━━━━━ Data records ━━━━━

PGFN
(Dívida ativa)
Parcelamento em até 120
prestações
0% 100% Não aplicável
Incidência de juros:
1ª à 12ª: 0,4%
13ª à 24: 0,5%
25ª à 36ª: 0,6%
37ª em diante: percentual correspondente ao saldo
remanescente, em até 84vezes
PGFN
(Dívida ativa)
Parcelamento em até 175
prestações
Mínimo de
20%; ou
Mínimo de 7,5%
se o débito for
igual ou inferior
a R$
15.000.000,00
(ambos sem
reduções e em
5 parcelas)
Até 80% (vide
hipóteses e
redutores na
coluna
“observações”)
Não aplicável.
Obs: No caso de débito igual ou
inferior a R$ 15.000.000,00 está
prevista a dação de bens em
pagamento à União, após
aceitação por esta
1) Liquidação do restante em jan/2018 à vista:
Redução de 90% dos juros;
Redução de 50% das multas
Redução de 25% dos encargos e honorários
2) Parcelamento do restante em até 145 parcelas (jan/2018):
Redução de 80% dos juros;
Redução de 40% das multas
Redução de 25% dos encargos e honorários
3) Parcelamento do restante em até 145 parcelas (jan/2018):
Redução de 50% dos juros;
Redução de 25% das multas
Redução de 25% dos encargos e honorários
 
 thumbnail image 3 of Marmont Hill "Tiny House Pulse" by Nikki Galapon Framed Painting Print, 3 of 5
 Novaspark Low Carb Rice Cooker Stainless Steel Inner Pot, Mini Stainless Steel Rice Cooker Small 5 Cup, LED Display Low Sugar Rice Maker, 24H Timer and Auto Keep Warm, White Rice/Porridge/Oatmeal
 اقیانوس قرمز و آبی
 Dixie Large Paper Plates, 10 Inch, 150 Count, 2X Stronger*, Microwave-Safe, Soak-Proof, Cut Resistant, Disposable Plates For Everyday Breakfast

━━━━━

### Task requirements
Word for word, restate the lines of the data above that fall between the line holding "remanescente, em até 84vezes" and the line holding "thumbnail image 3", inclusive, and no other lines.

### Result below
remanescente, em até 84vezes
PGFN
(Dívida ativa)
Parcelamento em até 175
prestações
Mínimo de
20%; ou
Mínimo de 7,5%
se o débito for
igual ou inferior
a R$
15.000.000,00
(ambos sem
reduções e em
5 parcelas)
Até 80% (vide
hipóteses e
redutores na
coluna
“observações”)
Não aplicável.
Obs: No caso de débito igual ou
inferior a R$ 15.000.000,00 está
prevista a dação de bens em
pagamento à União, após
aceitação por esta
1) Liquidação do restante em jan/2018 à vista:
Redução de 90% dos juros;
Redução de 50% das multas
Redução de 25% dos encargos e honorários
2) Parcelamento do restante em até 145 parcelas (jan/2018):
Redução de 80% dos juros;
Redução de 40% das multas
Redução de 25% dos encargos e honorários
3) Parcelamento do restante em até 145 parcelas (jan/2018):
Redução de 50% dos juros;
Redução de 25% das multas
Redução de 25% dos encargos e honorários
 
 thumbnail image 3 of Marmont Hill "Tiny House Pulse" by Nikki Galapon Framed Painting Print, 3 of 5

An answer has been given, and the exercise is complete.